Anna Szpakowska-Kujawska (1931), Journey in Two Sides of the Night, object - painting on calabash, height 40 cm, 1980
Artwork information: Anna Szpakowska-Kujawska (1931), Journey in Two Sides of the Night, object - painting on a calabash, height 40 cm, 1980, three-dimensional made in the artist's own technique from the artist's African series of works from 1977-84. Very good condition. The works of this series, called calabashes, are the result of the artist's interest in three-dimensional spherical objects, which will return several more times in different stages of the artist's rich oeuvre. The image-covered calabash (African calabashes) are not a simple transfer of the idea of painting to the surface of a three-dimensional object, but a separate creation for which new applications of both composition and color are necessary. In the object Journey to Two Sides of the Night, the African calabash, which has various practical uses after drying (e.g., a container for water), becomes a metaphor for the universe, also by its sphericity, a metaphor for the Earth and man's journey through it. Anna Szpakowska-Kujawska's work is always deeply humanistic, and at its center remains a human being immersed in nature.

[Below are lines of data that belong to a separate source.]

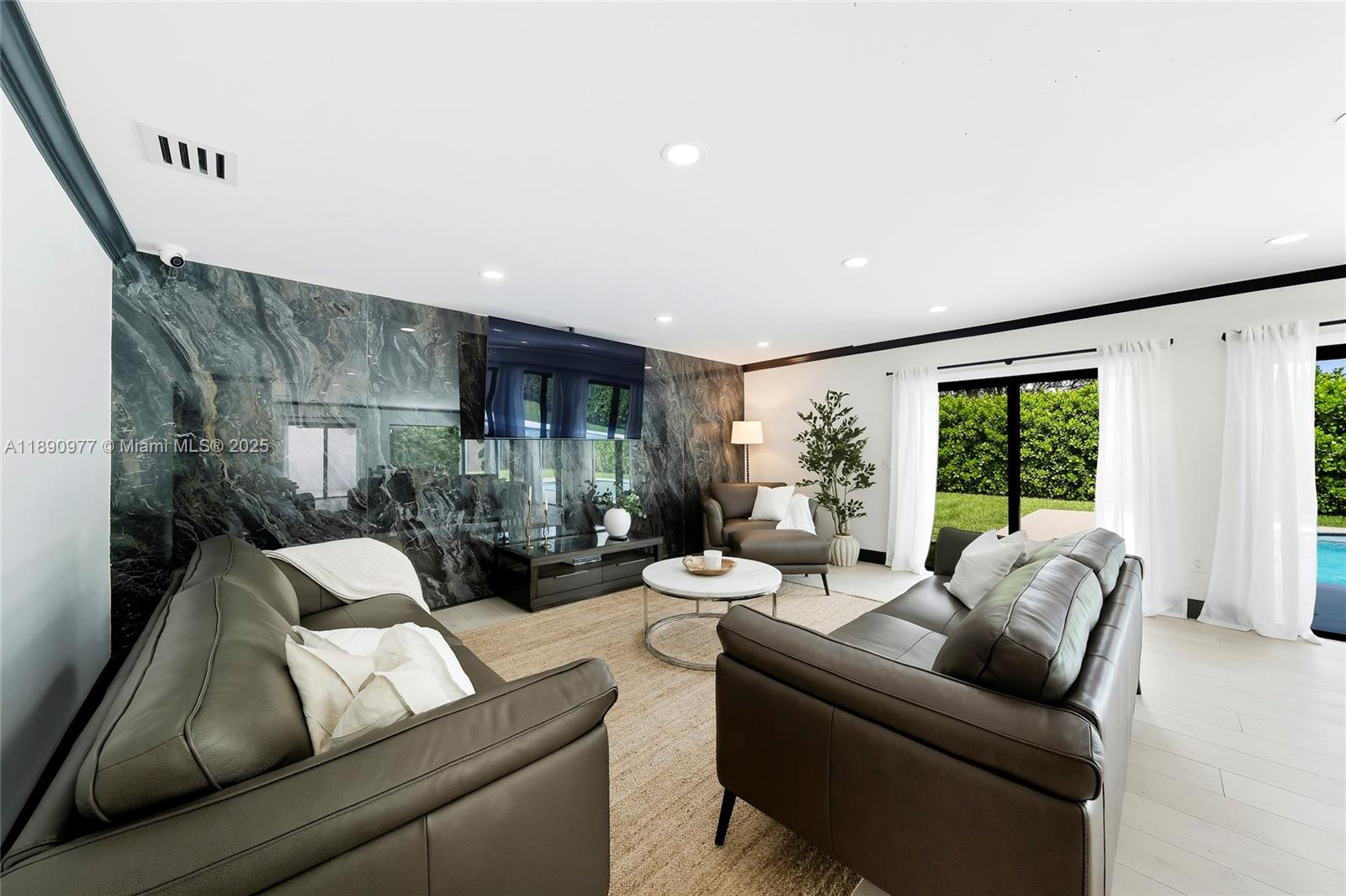 8341 SW 87th Ter Miami, FL 33143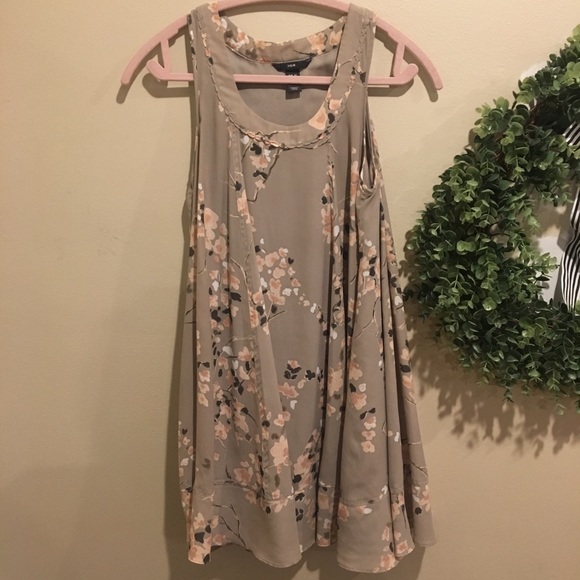 H&M Dresses & Skirts - ⭐️ H&M Cherry Blossom Midi Dress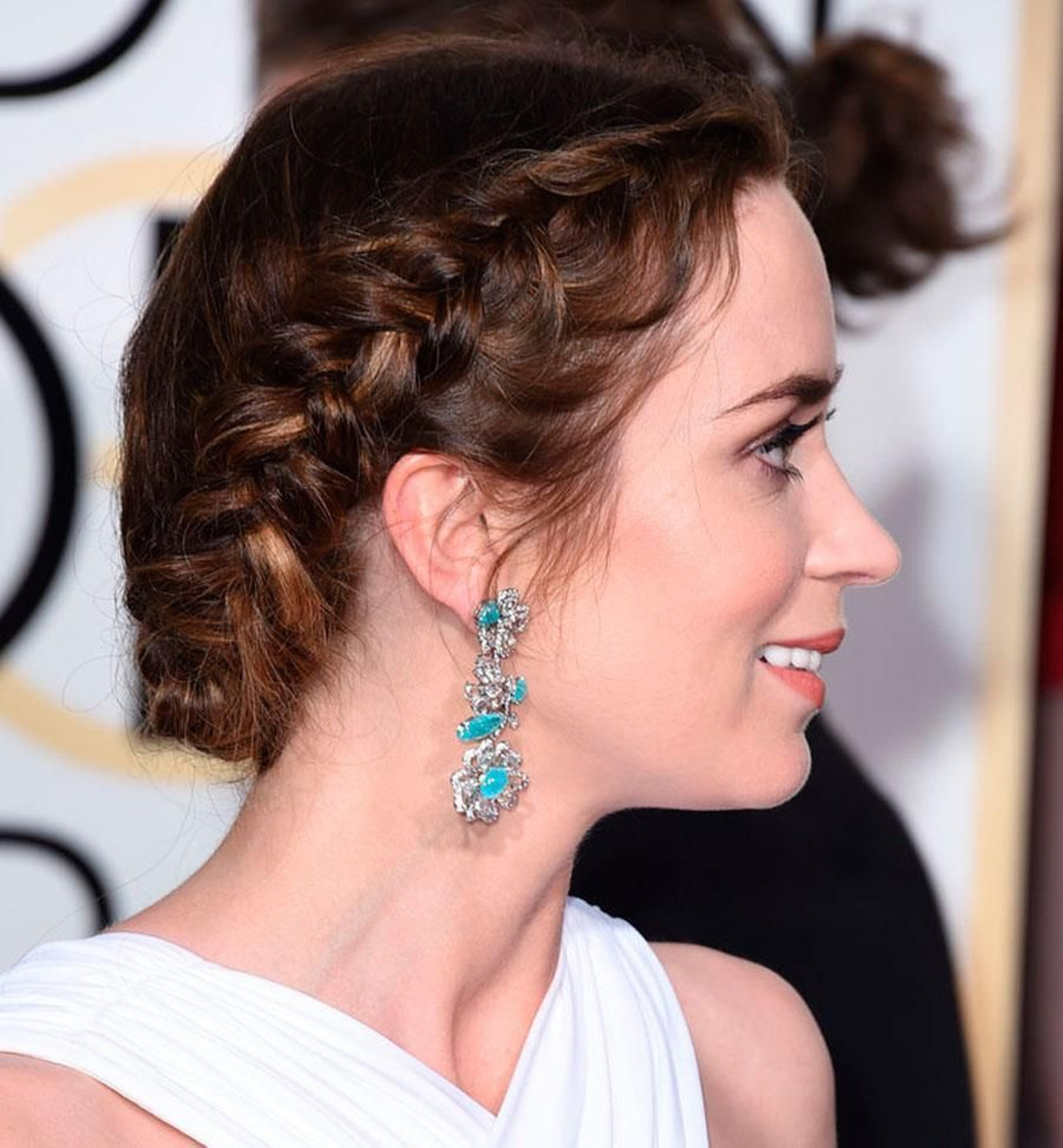 Peinados de invitada: Coletas y trenzas para tus bodas de 2022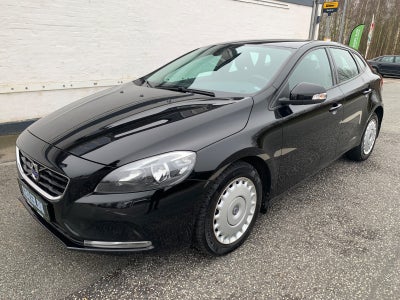 Volvo V40 1,6 T3 150 Kinetic 5d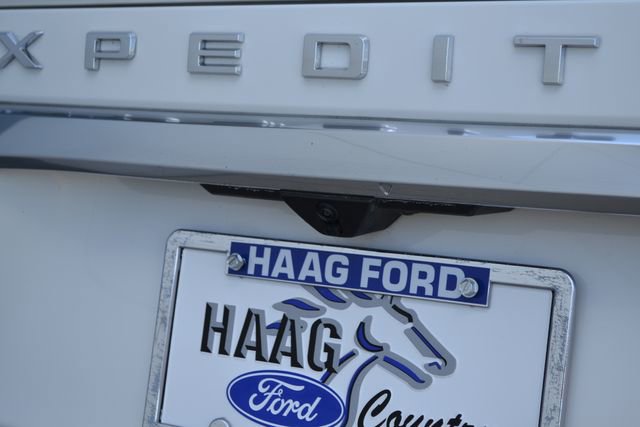 Certified 2024 Ford Expedition Platinum AWD/4WD image 11
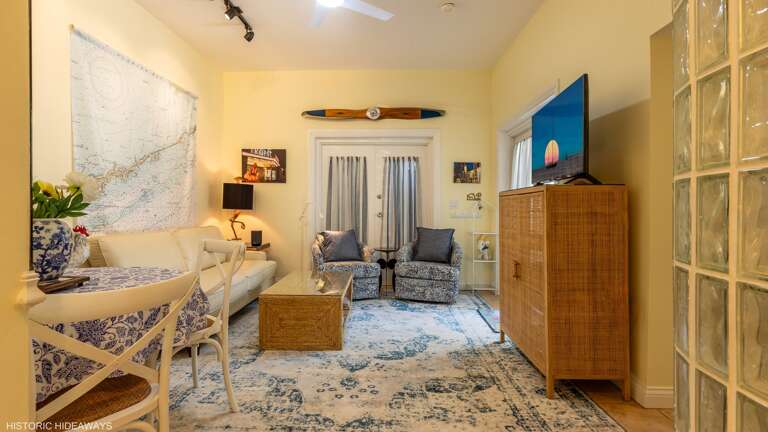 Living / Dining Area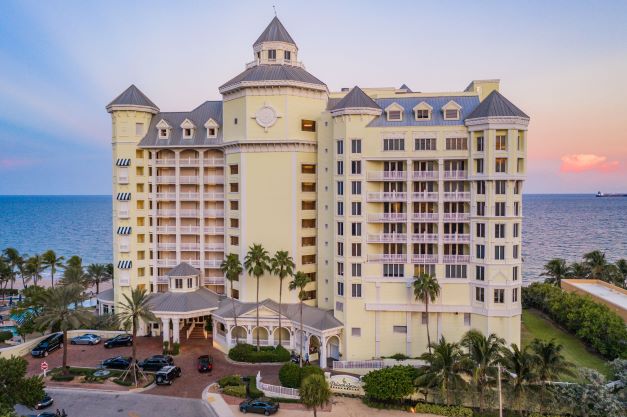 Pelican Grand is thrilled to share that with all your votes and support we have been named in the Travel + Leisure 2022 World’s Best Awards, 15 Best Resorts in Florida. We are so grateful for each experience shared together and are so thankful for our hardworking team.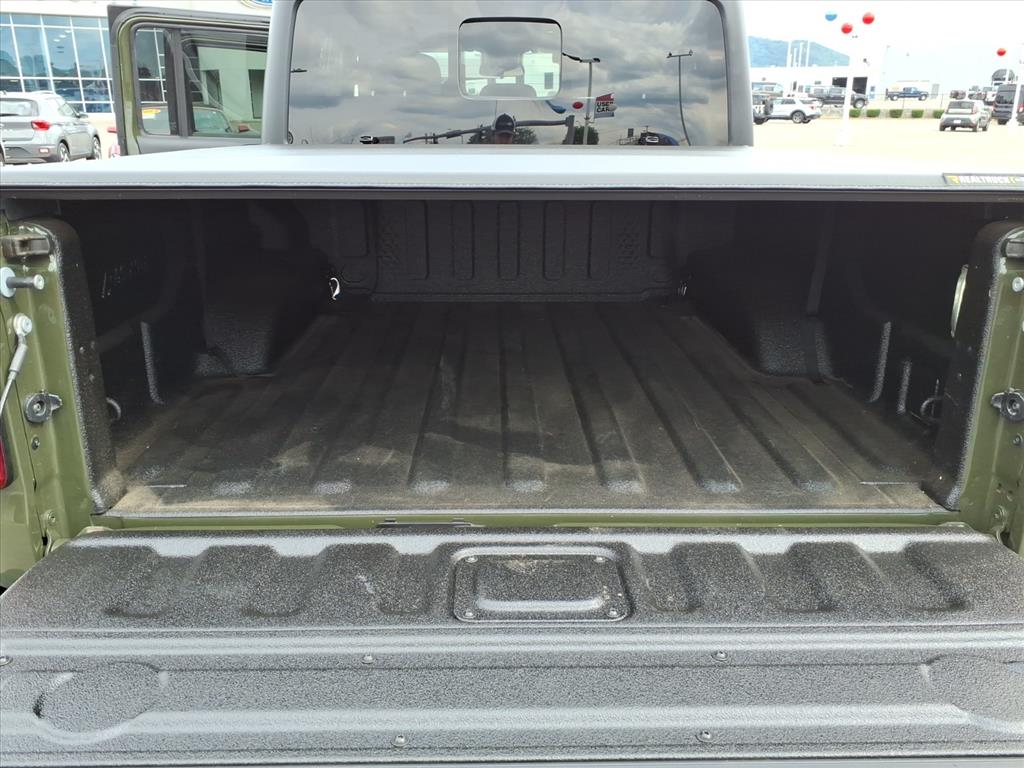 2024 Jeep Gladiator Sport S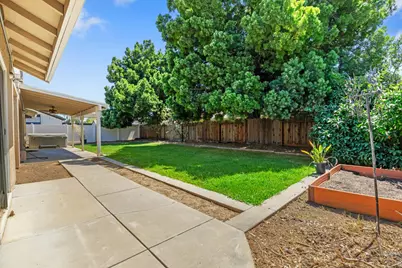 7424 Heathrow Way, Hughson, CA 95326 - Photo 26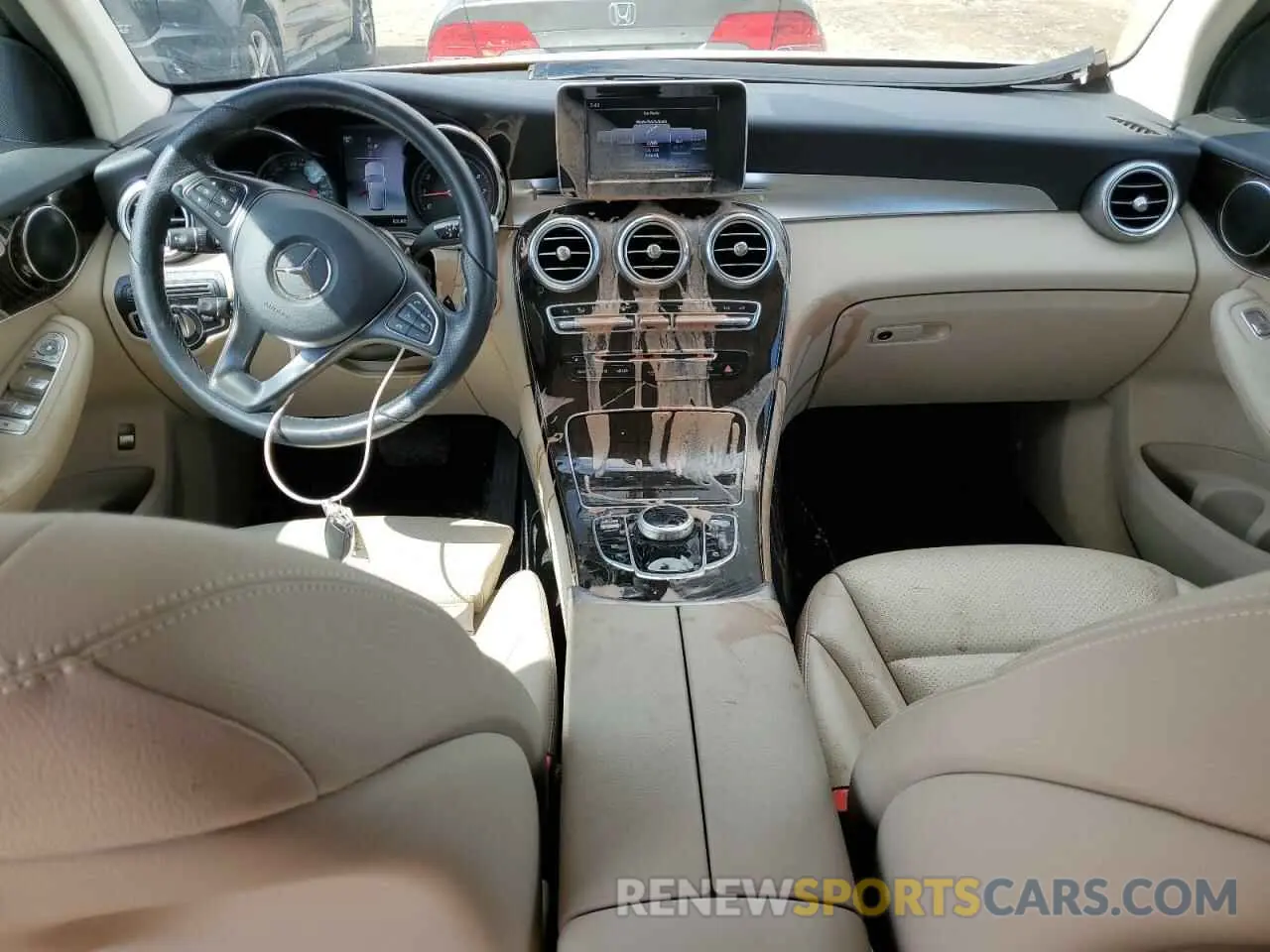 8 fotografías del automóvil dañado WDC0G4KB7KF575496 MERCEDES-BENZ GLC-CLASS 2019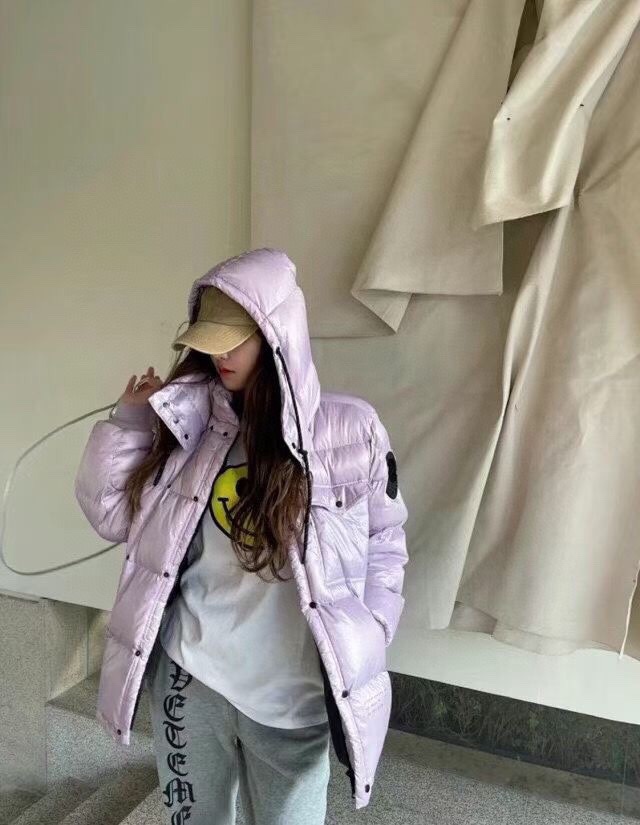 Moncler蒙口m羽绒服%白鸭绒!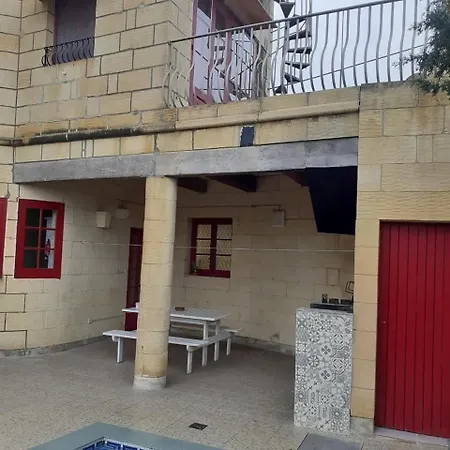 Farmhouse With Private Pool In Xaghra Gozo 度假居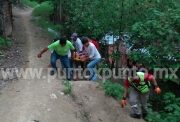 CAE MUJER DE BARRANCO EN COLONIA DE MONTEMORELOS ES ATENDIDA Y TRASLADADA A HOSPITAL.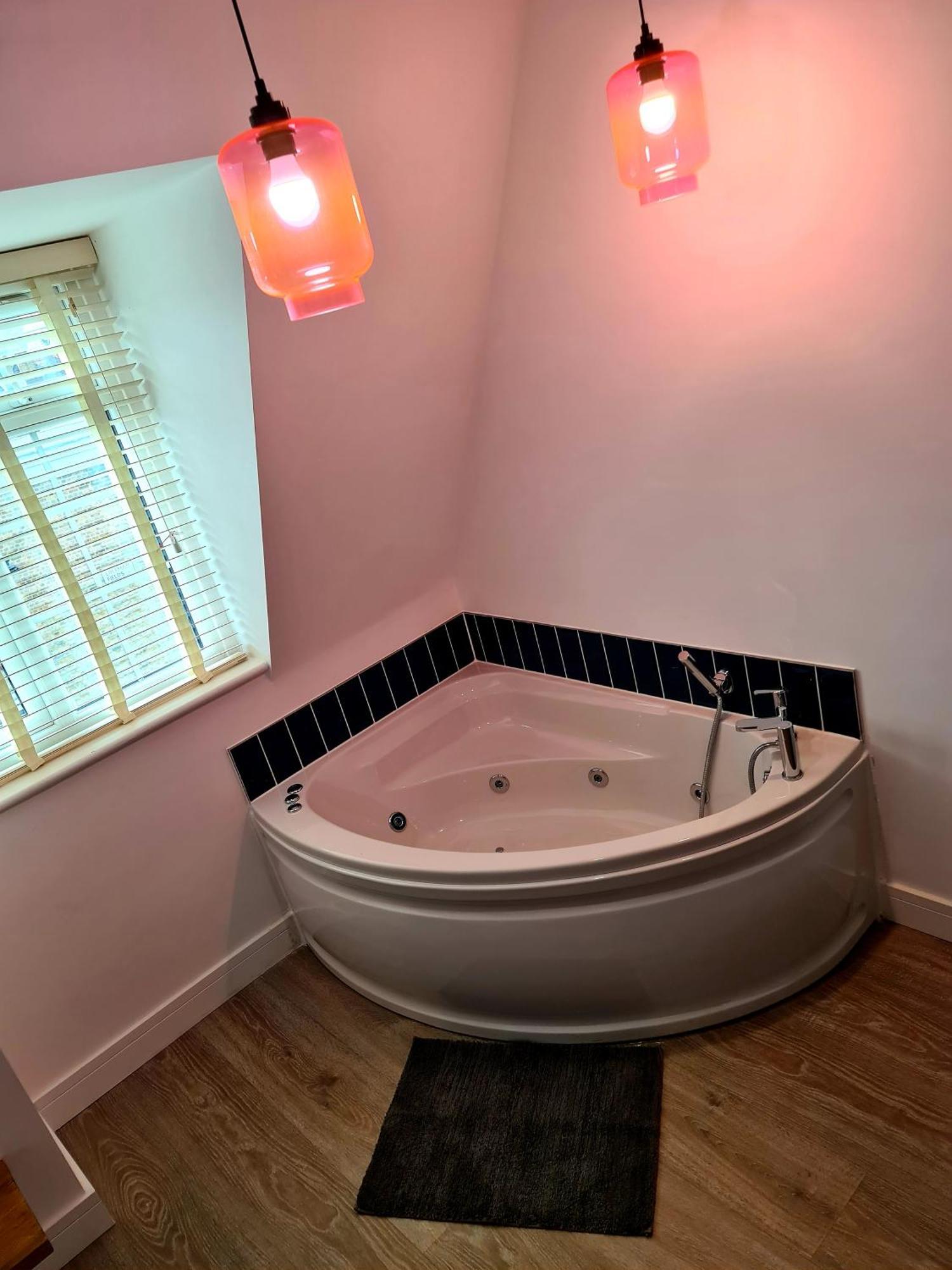 Angel Townhouse Hotel 3*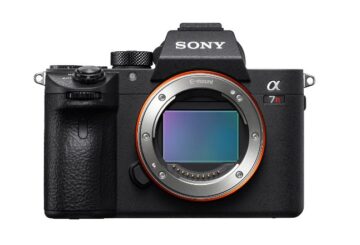 Sony α7R III front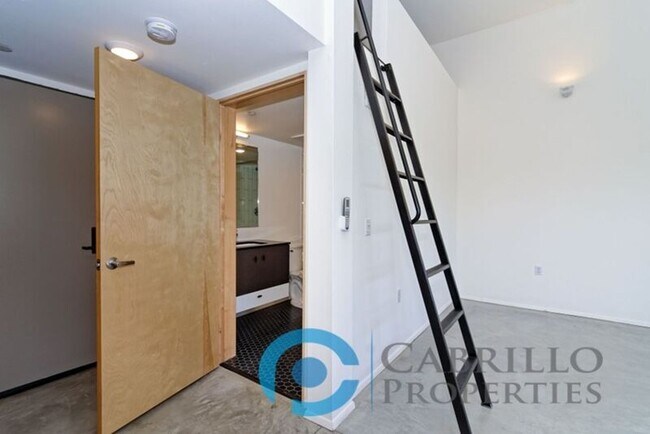 Foto del edificio - 2870 Fourth Ave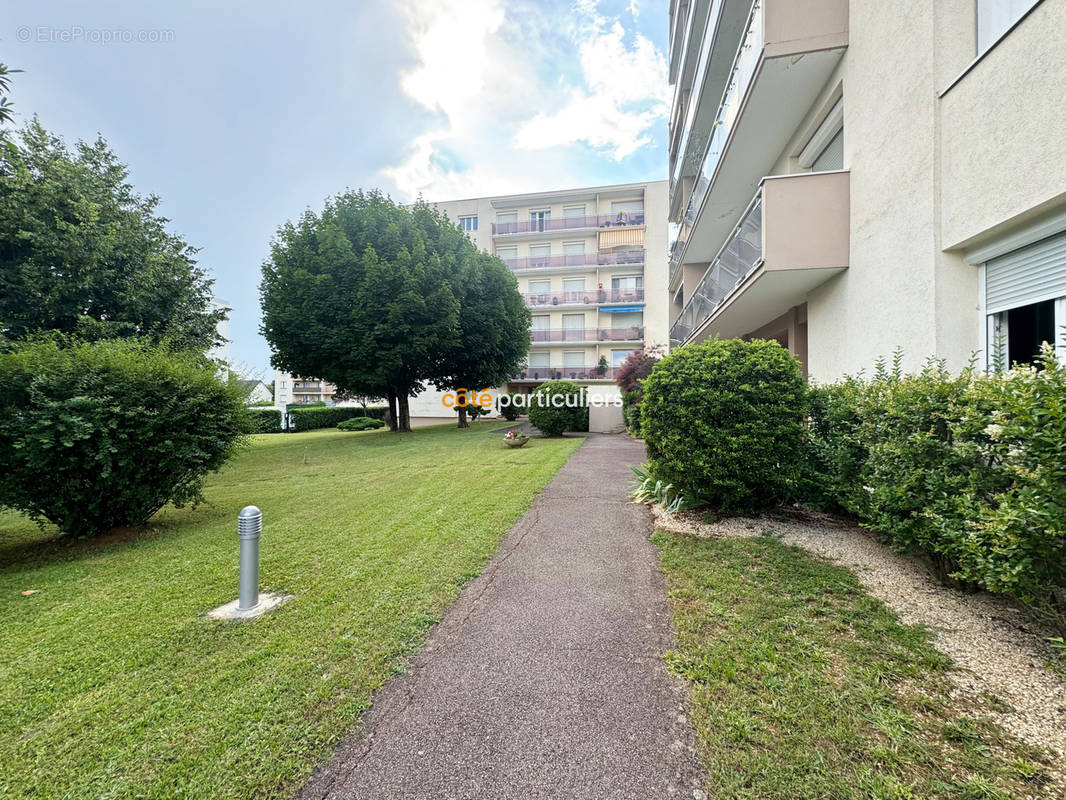 Appartement à FONTAINE-LES-DIJON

Anna Szpakowska-Kujawska (1931) received her diploma from the Wroclaw State Higher School of Fine Arts (now the Academy of Fine Arts) in 1956, and from 1961 she was a member of the Wroclaw School (later the Wroclaw Group), which brought together the most outstanding young artists in Wroclaw, most of them students from Prof. E. Geppert's studio. In 1968, the artist presented works from her "Atoms" series at the legendary "Under the Mona Lisa" gallery in Wroclaw, run by Jerzy Ludwinski. She was a participant in the Wrocław '70 Art Symposium, as an artist and co-organizer in Marian Bogusz's team. From 1977 to 1984 she lived in Nigeria, where she taught painting and drawing at the Kwara College of Education in Illorin. Her stay in Africa, as well as numerous other trips, had a great impact on the artist's work, resulting in successive series of works. Versatile in her use of materials and forms of work, she expresses herself in drawing, painting, reliefs, sculptures, objects and spatial installations, using natural materials (calabashes, plant fragments), ceramic techniques and her own techniques. Her painting and other forms fall into several currents of contemporary art from expressionism and magic realism to painterly conceptual forms. It is noteworthy that the expressionism and surrealism in the artist's works stem from the intellectual subjugation of emotions and awareness of the creative process. The artist's works can be found in museum collections including the National Museum in Wroclaw, the Art Museum in Lodz, as well as in private collections at home and abroad.